Could a previously undiscovered microbe capable of both reducing nitrate and oxidizing iron hang from the walls of Manantial del Toro?
From what the researchers can tell so far, the slime curtains aren’t taking two of the metabolic steps needed to completely use nitrogen and iron. The first is a pathway that would reduce nitrate and create ammonium, which the microbes then consume again to make nitrite.

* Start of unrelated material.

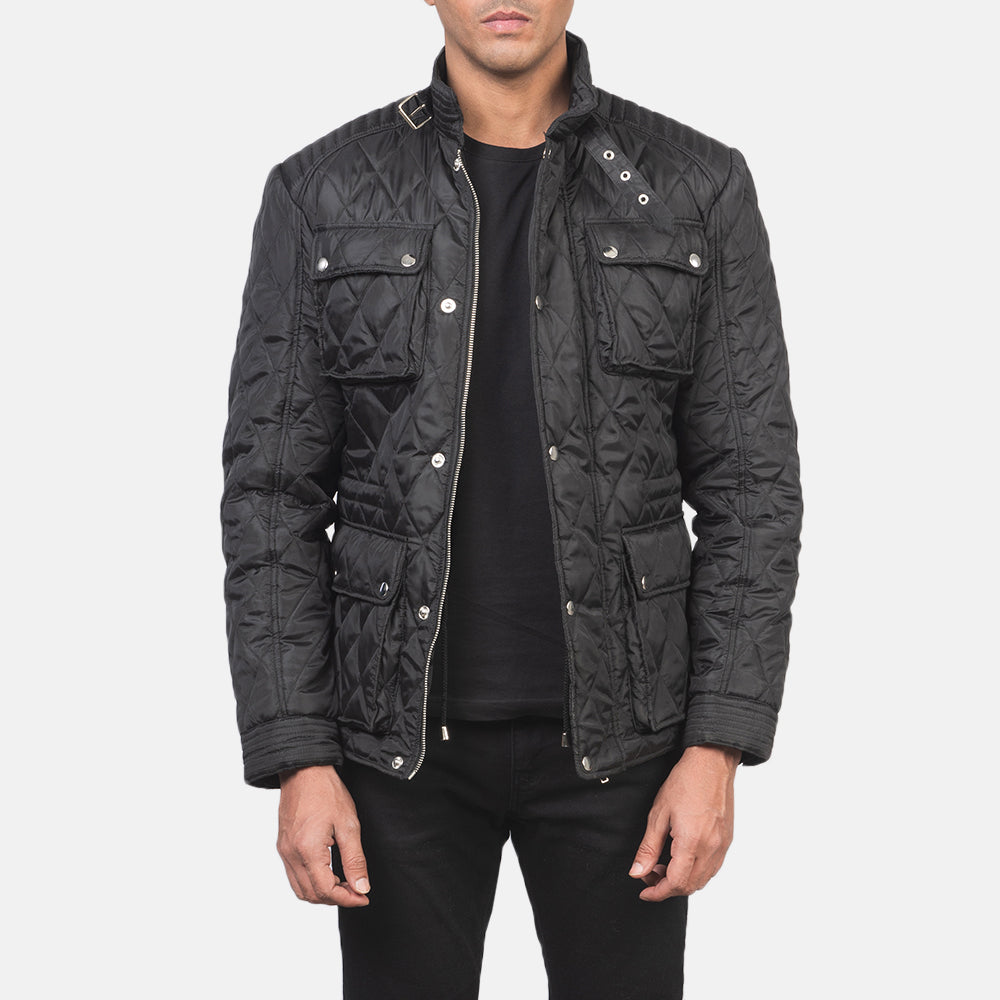 Men's Nelson Gesteppt Schwarz Windbreaker Lederjacke für Herren in Black Polyester - Vorderansicht &amp; maßgeschneiderte Silhouette | Online Kaufen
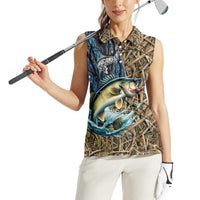 Personalized Walleye Splash Women Sleeveless Polo Shirt Camo Reeds and Night Forest Fishing Theme - Wonder Print Shop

The second missing piece is a way to oxidize iron (II)—which is soluble and can enter the caves in water—into iron (III), which is insoluble and clings to the slime, giving it a rusty color.
Macalady said that organisms can separately perform those processes, but they don’t know of one organism that can do both. Could a previously undiscovered microbe capable of both reducing nitrate and oxidizing iron hang from the walls of Manantial del Toro? Macalady is quick to point out that her team has yet to find an answer to that tantalizing question.
Filter Hypothesis

The scientists are also investigating whether the slime might act as a filter and remove nitrogen pollution from water passing through. Manantial del Toro, 3.4 kilometers (2.1 miles) long, is a submerged karst system, a network of interconnected chambers that formed as soluble rocks dissolved. Its waters connect the land and the Caribbean Sea, so nitrogen and other pollutants from human fertilizers or sewage can pass through the cave into the surrounding coastal zone, where fragile coral reefs and sea grasses live.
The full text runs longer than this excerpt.